Şimdide Hocamızın verdiği kaynak eserlerin eksik olanlarına gelelim. Yazarın verdiği tabloda nedense İSRAİLİYAT kabilin den olan rivayetlere yer vermemesiyle ünlü İbn Atıyyenin el-Muharrarul- Veciz isimli Tefsiri yok. Levamiul Envaril-Behiyye isimli eserin sahibi Muhammed b. Ahmed es-Seferani- Ruhul-Meani sahibi Mahmud el-Alusi- Muhammed b.
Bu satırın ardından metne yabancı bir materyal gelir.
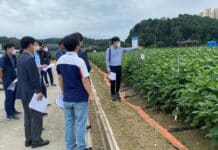 경기도 농기원, 콩 신품종 육성 등 ‘작목개발분야 중간진도관리 현장 평가회’ 실시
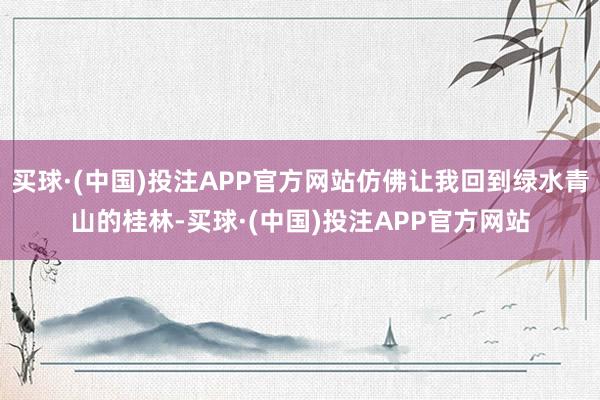 买球·(中国)投注APP官方网站仿佛让我回到绿水青山的桂林-买球·(中国)投注APP官方网站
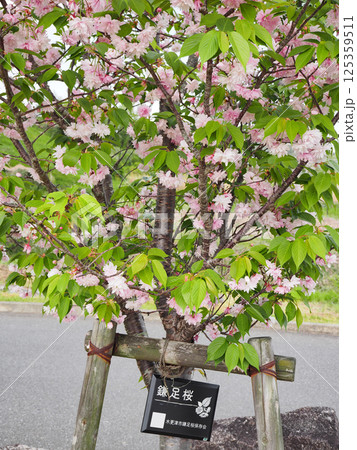 鎌足桜（木更津市） 125359511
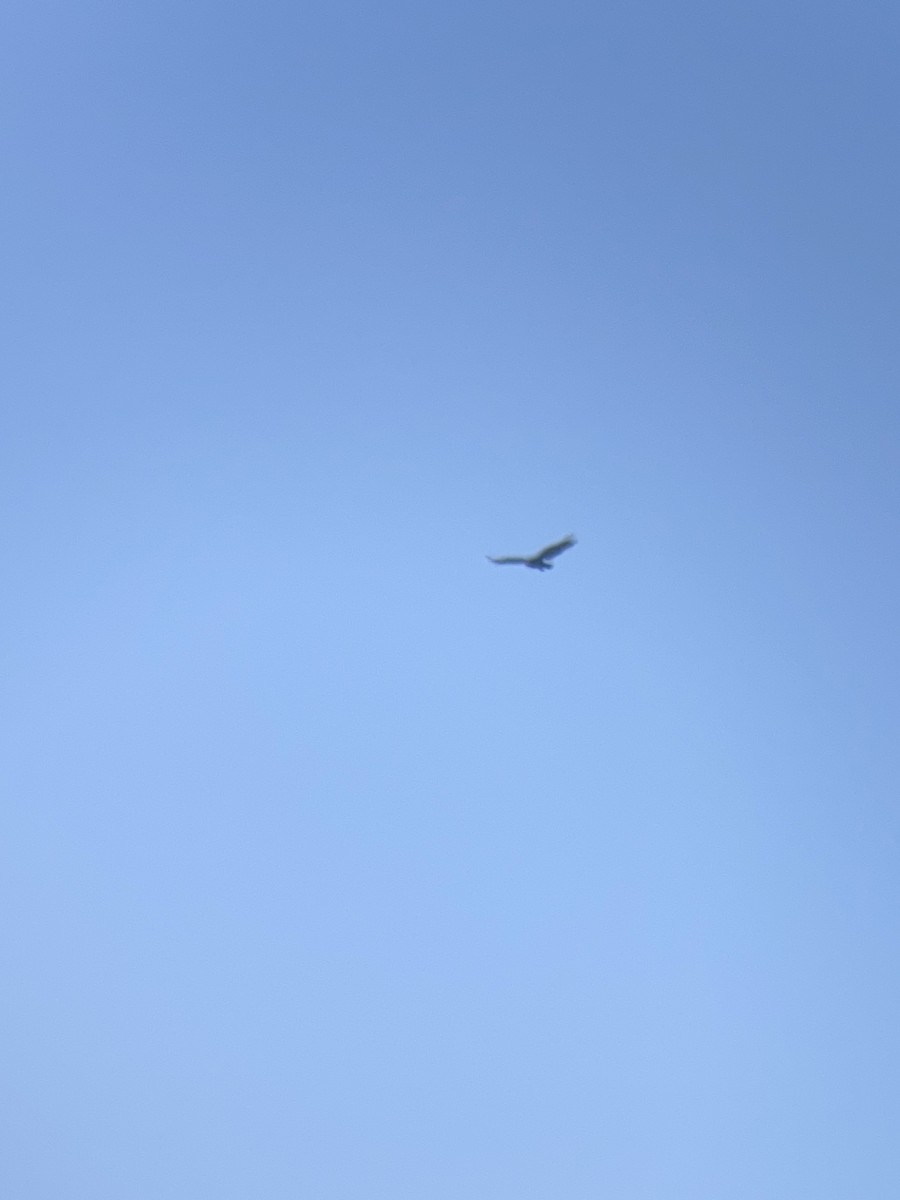 Turkey Vulture - ML621407667
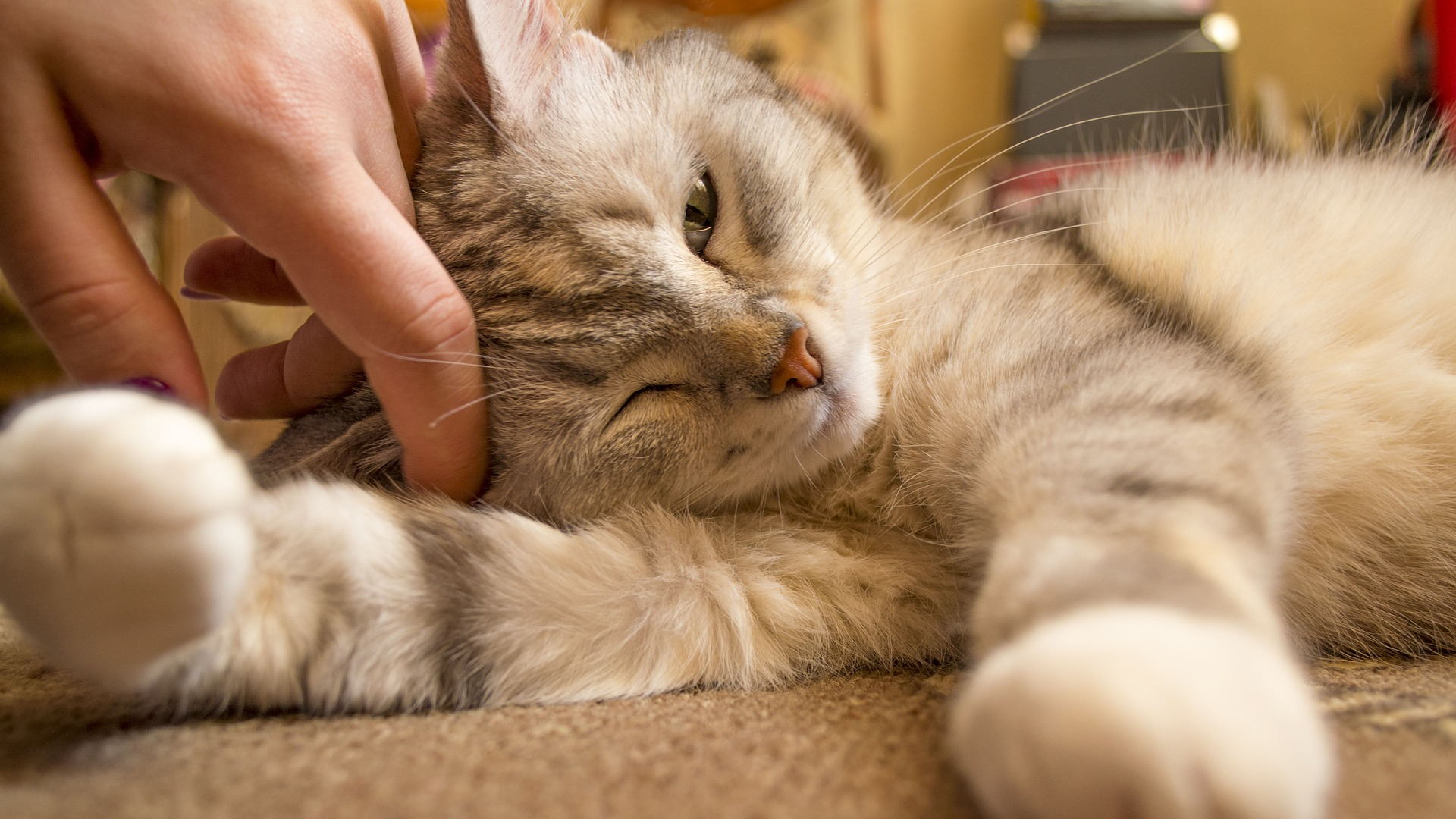 Officials Confirm Covid 19 Infection With Two Pet Cats In New York Pic 4 27 20du Cute 3373832 1920 Pixabay 5ea6eae2cec71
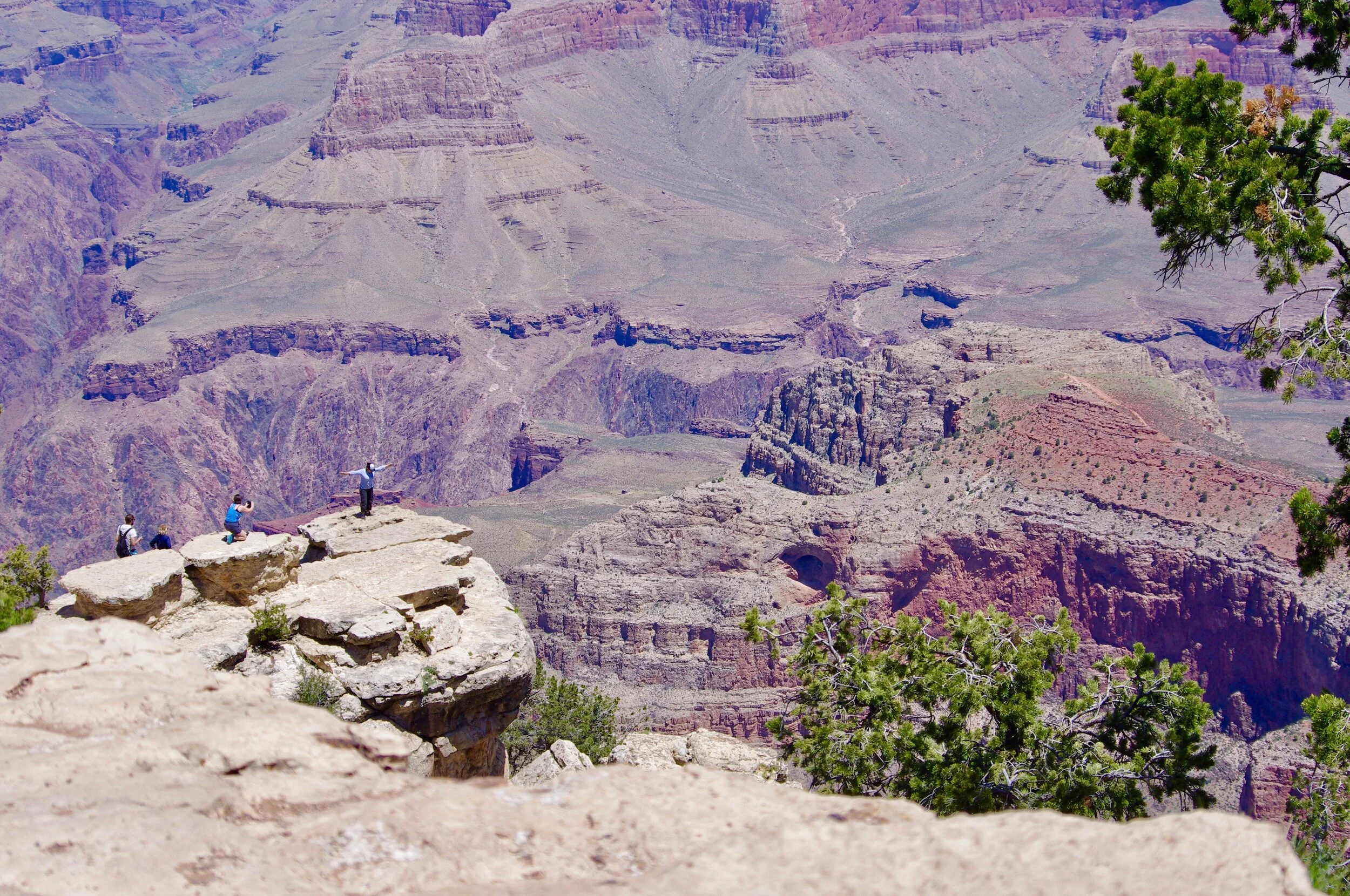 Here are some very silly people (IMO) who are ignoring the signs telling people to stay safely behind railings in viewing areas. Instead, they have clambered out upon some of the rocks perched thousands of feet above the canyon floor to take pictures of themselves defying death. Hopefully, they will continue to defy it rather than falling victim to it. To a person such as myself, who cannot stand securely on her own feet in the middle of a parking lot at the bottom of Death Valley, it seems exceptionally foolhardy. My hands are actually sweating in fear as I write this. Most of the pictures I took of the Grand Canyon were taken from a sitting position because raising a camera to my eye is enough to make me lose my balance, and the railings at the Grand Canyon are actually quite low, or, in many cases, non-existent. In this case, though, the people are below one of the main viewing areas near Grand Canyon Village, and they have climbed over the railing to immortalize themselves.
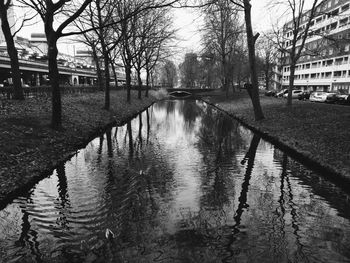 Reflection of trees in water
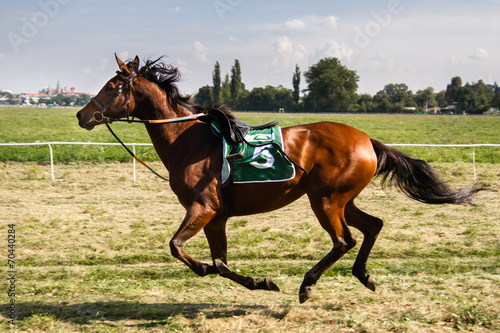 Horse Race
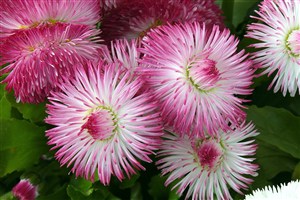 美丽粉色菊花图片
Cafer el-Kettaninin Nazmul-Mütenasir- Muhammed Ali Azam İzaletuş-Şubuhatil-Izam fir-redd Ala Münkiri Nuzuli İsa Aleyhisselam- M. Habibullah eş-Şınkıyti el-Cevabul Makniul-Muharrar fir-redd Men Tağa ve Tecebere bi dava ennehu İsa evil Mehdi el-Muntazar-Muhammed el Ğumari Akidetu Ehlil İslam fi Nuzulü İsa Aleyhisselam. Bu eserde yazar 50 hadis zikretmiş ve fiilen hadislerin Mütevatir olduğunu göstermiştir. Aynı yazarın İkametul Burhan ala Nuzulü İsa Aleyhisselam diye bir eseri daha vardır. Yazar kaynak edindiğini söylediği el-Keşmirinin Akidetul İslam fi Hayati İsa Aleyhisselam adlı eserini de tabloya dahil etmemiş.
Bu arada yazarın bu hadislerle alakalı verdiği tabloda ki bilgiler kaynak edindiği el-Keşmirinin el-Taşrih bi-ma tevatera fi nuzulil Mesih adlı eserden alınmıştır. Biz böyle bir çalışmayı yapan ilim adamından konu ile ilgili hadisleri kaynaklardan kendisinin çıkarmasını ve böyle bir tabloyu kendisinin oluşturmasını beklerdik .

Hocamız diyor ki: Hz. İsa’nın nüzulü ile alakalı hadisler nakledenlerin başında gelen Ebu Hureyre, Cabir b. Abdullah, Huzeyfe b. Yeman, Ebu Said el Hudri, Abdullah b. Abbas vb. isimlere gelince başta Ebu Hureyre ve Abdullah b. Abbas olmak üzere bunların bazılarının geç Müslüman olmaları ve Hz. Peygamber zamanında yaşlarının küçük olmaları vb. sebeplerle zapt açısından ciddi eleştirilere maruz kaldıkları ve isimlerin’in bir takım israiliyat rivayetlerine karıştığı göz önüne alınacak olursa bu gibi kaynak ravilerinin güvenilirliği tartışmalı bir hal almaktadır.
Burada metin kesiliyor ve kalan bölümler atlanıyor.